Forgiveness underpins the School approach to dealing with mistakes. Many mistakes are made by young people through lack of careful attention to others or to rules. Often there is no intention to harm, and when harm is intended, the young involved may have little real understanding of the effects of their harmful actions. Actions impact on others and these must be understood for the safety of all.

Geelong Grammar School’s approach to relationships is based on moral precepts which value both the individual and the community. Our pastoral principles and behaviour management practice promote wholesome transformative relationships and eschew intimidation, fear or overt exercise of authority. The relationship reparation practices we use to resolve disputes encourage people to rethink, to learn, to appreciate, to understand, value and respect others. Our approach recognises and attends to difference, and is fundamentally educative. Parties grow through this approach to recognise mistakes, to understand that mistakes have to be addressed, and so better understand life. Parties recognise that relationships have been disturbed and need repair requiring a co-created positive approach.

The quality of a relationship has many determinants but fundamentally five present as being significant.  They determinants are 1. Trust, 2. Forgiveness, 3. Integrity, 4. Optimism (hope), and 5. Compassion.  The notion of a relational living world underpins how we live together.  Error is of course how we learn and error must be managed positively in a relational sense.  Resilience is about recognising an error and being able to repair in every sense the impact of the relationships resulting from the error.  This is complex for the error has to be recognised, accepted, fully understood in its impact and then the error maker must accept the pivotal role to begin to repair the relationships disturbed.  This of course begins with acceptance, then forgiveness of self for making the error and dislocating relationships and perhaps causing hurt and a sense of loss.  Those relational “partners’ who have felt that the relationship has been harmed also must accept and acknowledge the error, understand the error circumstance, forgive the error maker and then work “with” the error maker to co-jointly work to repair the relationship damaged. The co-creation of the repair process is essential for although the “heavy lifting” is substantially done by the error maker the damaged party share a responsibility to repair the relationship to the best that is possible.  The obligations exist and the process requires all the 5 determinants of a relationship to be addressed individually and in concert.  This process is determined by the relational “partners’ involved.  The object is to repair and to restore peace.
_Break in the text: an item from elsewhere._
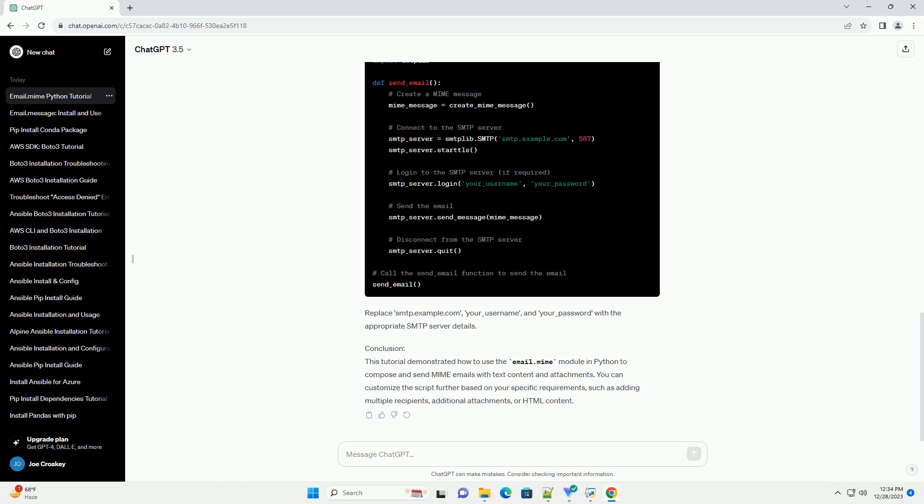Conclusion: This tutorial demonstrated how to use the email.MIME module in Python to compose and send MIME emails with text content and attachments. You can customize the script further based on your specific requirements, such as adding multiple recipients, additional attachments, or HTML content.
The “heavy lifting” aspect of the relationship repairing process is the consequence associated with the mistake.

“The quality of a community (individual relationships, family, community, nation) is not to be judged on its successes but rather on the humane and constructive approach it employs to the management of mistake.” 

John Hendry

“Forgiveness gives us the capacity to make a new start… And forgiveness is the grace by which you enable the other person to get up, and get up with dignity, to begin anew… In the act of forgiveness we are declaring our faith in the future of a relationship and in the capacity of the wrongdoer to change.”